ThinkTank Airport Antidote. This backpack served me really well and accompanied me on numerous photographic expeditions from mountains near Tibet to Kamchatka peninsula in Russia. However, two drawbacks really annoyed me: first, it is over–padded for my needs; second, I got really tired of the unzipping stretch front pocket.
ThinkTank Airport Acceleration v.2.0. This bag was a bit of a miscalculation on my part. On the one hand, I wanted a bigger backpack than the Airport Antidote, but this backpack turned out to be too big: fully loaded, it really weighs you down (if you do not intend to fully load it, you may as well use a smaller bag). On the other hand, although design of the front pocket was improved, it still remained largely funky and impractical. I used this bag two or three times only.
ThinkTank Airport Commuter camera backpack
(image courtesy ThinkTank Photo)
After offloading these bags I felt relieved that they no longer took the space in my closet and that, more importantly, other photographers could make a much better use of them. And here is what I am left with for the time being:
ThinkTank Airport Commuter. While this backpack is similar in size to the Airport Antidote, it is less padded and thus has more space inside. It also has perfect zipping front pockets—at long last! On top of that, lots of small details have been improved, too, thus making it an even better thought out product. I am yet to use it in the field, but given my previous experience I have every reason to believe that it is the best backpack for my needs that I have ever used.

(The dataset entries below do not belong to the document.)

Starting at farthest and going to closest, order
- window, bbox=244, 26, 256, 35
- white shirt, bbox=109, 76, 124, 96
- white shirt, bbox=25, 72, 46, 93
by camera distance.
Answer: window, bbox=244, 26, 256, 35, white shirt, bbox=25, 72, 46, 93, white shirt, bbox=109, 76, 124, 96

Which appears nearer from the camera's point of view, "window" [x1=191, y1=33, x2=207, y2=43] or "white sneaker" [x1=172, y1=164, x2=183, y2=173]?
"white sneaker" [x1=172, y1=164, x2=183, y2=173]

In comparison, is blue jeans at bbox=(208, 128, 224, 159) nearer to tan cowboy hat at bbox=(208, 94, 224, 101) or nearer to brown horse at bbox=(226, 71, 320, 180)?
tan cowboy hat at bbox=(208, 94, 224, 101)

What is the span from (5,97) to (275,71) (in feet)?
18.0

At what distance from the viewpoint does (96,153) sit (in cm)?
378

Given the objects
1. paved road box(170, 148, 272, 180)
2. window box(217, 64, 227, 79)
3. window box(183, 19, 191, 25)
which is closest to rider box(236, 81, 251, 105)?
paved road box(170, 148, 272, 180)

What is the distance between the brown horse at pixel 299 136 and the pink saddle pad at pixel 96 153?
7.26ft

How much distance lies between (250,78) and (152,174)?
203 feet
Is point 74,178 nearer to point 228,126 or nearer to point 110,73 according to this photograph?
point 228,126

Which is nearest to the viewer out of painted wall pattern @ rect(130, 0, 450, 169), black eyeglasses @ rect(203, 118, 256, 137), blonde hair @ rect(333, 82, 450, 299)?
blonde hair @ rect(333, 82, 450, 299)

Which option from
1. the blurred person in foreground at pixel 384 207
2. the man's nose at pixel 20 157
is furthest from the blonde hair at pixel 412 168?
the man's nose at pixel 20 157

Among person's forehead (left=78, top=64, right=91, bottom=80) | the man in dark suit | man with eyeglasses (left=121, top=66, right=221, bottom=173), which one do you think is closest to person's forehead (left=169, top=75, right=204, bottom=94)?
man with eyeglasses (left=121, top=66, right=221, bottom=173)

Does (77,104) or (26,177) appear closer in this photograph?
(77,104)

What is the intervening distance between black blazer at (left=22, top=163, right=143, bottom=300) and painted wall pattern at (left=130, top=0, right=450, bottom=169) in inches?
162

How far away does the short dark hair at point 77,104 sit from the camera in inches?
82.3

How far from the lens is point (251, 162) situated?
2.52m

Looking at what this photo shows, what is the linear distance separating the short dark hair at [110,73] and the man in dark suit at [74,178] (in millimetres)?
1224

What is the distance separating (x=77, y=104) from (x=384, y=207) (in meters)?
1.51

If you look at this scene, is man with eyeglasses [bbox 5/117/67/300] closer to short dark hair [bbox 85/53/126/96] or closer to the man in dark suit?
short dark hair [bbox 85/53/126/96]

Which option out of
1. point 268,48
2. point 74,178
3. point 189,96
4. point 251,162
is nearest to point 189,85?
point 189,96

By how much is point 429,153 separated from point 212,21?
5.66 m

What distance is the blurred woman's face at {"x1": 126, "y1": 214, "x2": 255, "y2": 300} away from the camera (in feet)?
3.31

A cheap Benro backpack that has two compartments—the one at the bottom holds your camera kit, and the one at the top is designated for usual stuff. I am sure you know the kind. I like this type of backpacks for short and/or casual outings and was prepared to buy the best camera of this kind available in the market. Quite ironically, though, it was only this cheap Benro backpack that could be configured to take non–DSLR camera systems. Go figure...

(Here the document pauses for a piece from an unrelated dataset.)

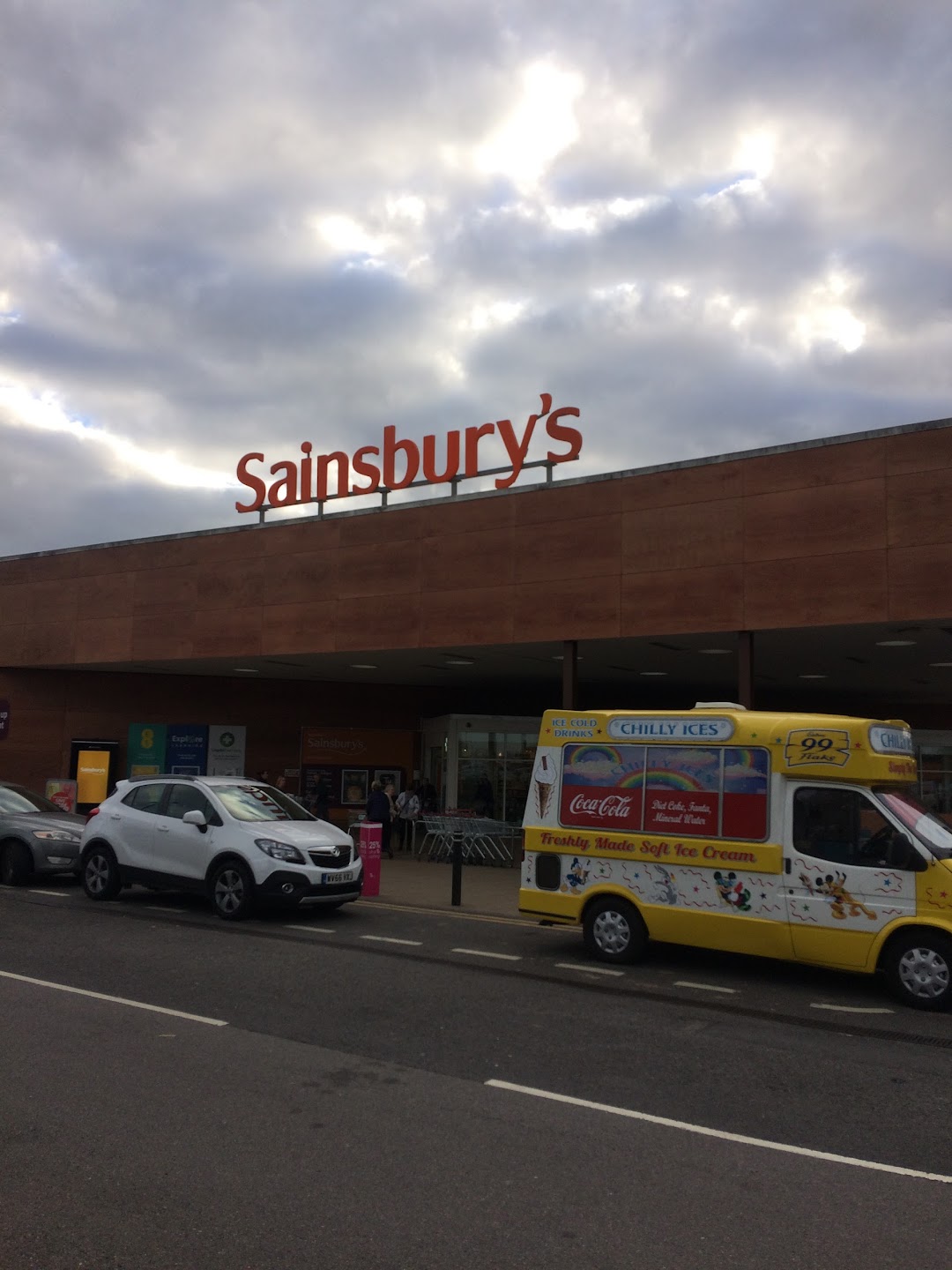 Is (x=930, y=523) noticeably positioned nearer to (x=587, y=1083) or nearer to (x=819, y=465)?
(x=819, y=465)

Lowepro Photo Runner. I bought this waist bag after selling the ThinkTank Speed Freak. Quality of materials is so–so, and I had to modify it slightly by cutting off supporting straps, which I found totally unnecessary. Again, I am prepared to spend the money to get the best camera bag in this class, but the Photo Runer is the most suitable waist bag for my needs that I have seen so far.
While I feel quite comfortable with the above combination, optimising one's collection of camera bags is an endless quest, so you can count on me writing another update in a few years.
*As I have mentioned a number of times, buying quality gear pays off in the long run. Selling these bags generated enough cash to buy the Airport Commuter and savour a few bevvies!